Nuove pensioni: più lavori, meno guadagni

di ANTONIO CASTRO – Se avete i requisiti per andare in pensione già nel 2015, ma state tentennando, forse un incoraggiamento ad andare a riposo entro il prossimo dicembre potrebbe arrivarvi dal taglio della pensione che a inizio luglio (il 6) è stato formalizzato sulla Gazzetta Ufficiale (n” 154). Un regalino per il popolo degli aspiranti pensionati (e non sono pochi, nel 2014 le pensioni attivate sono state 75mila) confezionato dal ministero delle Politiche sociali (guidato da Giuliano Poletti), nascosto a pagina 46 della Gazzetta tra un accordo con il Canada e un’intesa militare con il Kazakhstan.

In sostanza verranno rivisti i coefficienti di trasformazione del montante contributivo. Che detta così sembra una porcheria.

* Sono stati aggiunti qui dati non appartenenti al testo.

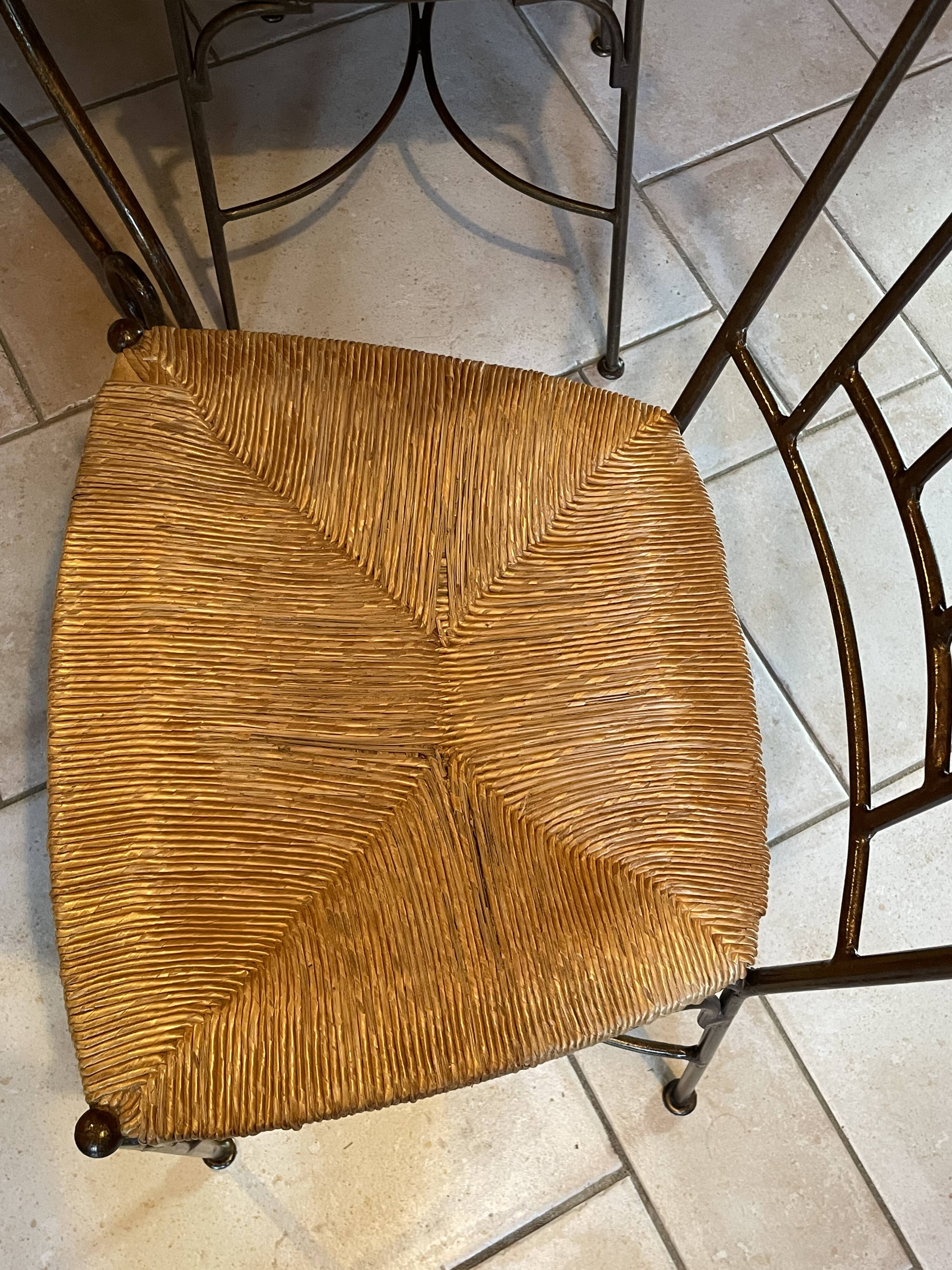 Table and four wrought iron and wood chairs.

Tradotto in italiano è il rendimento del tesoretto previdenziale (la somma dei contributi messi da parte). Ebbene il governo Renzi – ereditando una limatura rifilataci a suo tempo dal ministro del Lavoro Cesare Damiano – ha pensato bene di pubblicare il decreto che rivede, e abbassa, i coefficienti e, per effetto a cascata, anche le nostre pensioni.I nuovi parametri saranno applicati a tutte le pensioni che scatteranno dal 1 gennaio 2016. Quindi il lavoratore che ha già il diritto alla pensione quest’anno, ha tutta la convenienza a scappare prima.

Forse un esempio pratico – come quello offerto ieri da “Il Sole 24 Ore”, ma nascosto a pagina 35 del supplemento Norme e Tributi – aiuta a capire meglio. Poniamo il caso di un lavoratore che entro il prossimo novembre compirà i previsti (dalla riforma Fornero) 67 anni. E ipotizziamo che questo signore abbia accumulato circa 200mila euro. La sua pensione sarebbe di 11.652 euro se comincerà a percepirla quest’anno. Se invece dovesse fare domanda nel 2016, e quindi continuando a versare contributi, la stessa pensione sarebbe di 11.400 euro, 252 euro in meno. Una decurtazione di circa 19 euro al mese (per tredici mensilità). Un bella fregatura per il lavoratore, un risparmio netto pergli istituti di previdenza e per lo Stato, che degli enti pubblici “ricopre” i buchi miliardari. Insomma, più lavori meno guadagnerai.

A dirla tutta i coefficienti sono rimasti gli stessi dal 1996 (riforma Dini), fino al 2009. Poi Damiano (nel secondo Governo Prodi dal maggio 2006 all’aprile 2008), ha introdotto la definizione dei coefficienti per il triennio 2010/2012. Poi si è deciso di agganciare gli incrementi alle aspettative di vita. Prima la revisione era triennale (come quello che sta per arrivare 2016/2018), ma dal 2019 gli incrementi della speranza di vita passeranno dal triennali a biennali. Dettaglio non trascurabile visto che ragganciamento alla speranza di vita rinvia anche di anno in anno il raggiungimento della pensione ai lavoratori.

Da un lato, quindi, si riduce il rendimento del tesoretto previdenziale accumulato, dall’altro si allontana la data in cui si riuscirà ad andare in pensione. Ovviamente per lo Stato questo rinvio – e la contemporanea riduzione della rivalutazione e quindi dell’assegno – si trasformano in un risparmio netto di miliardi. Considerando che le donne vivono mediamente più degli uomini (l’aspettativa di vita fissata dall’istat quest’anno è di 79,6 anni per gli uomini e a 84,4 anni per le donne, rispettivamente superiore di 2,1 anni e 1,3 anni  media europea), si capisce bene perché ogni governo (questo, il precedente e quello prima ancora), metta progressivamente mano alle pensioni.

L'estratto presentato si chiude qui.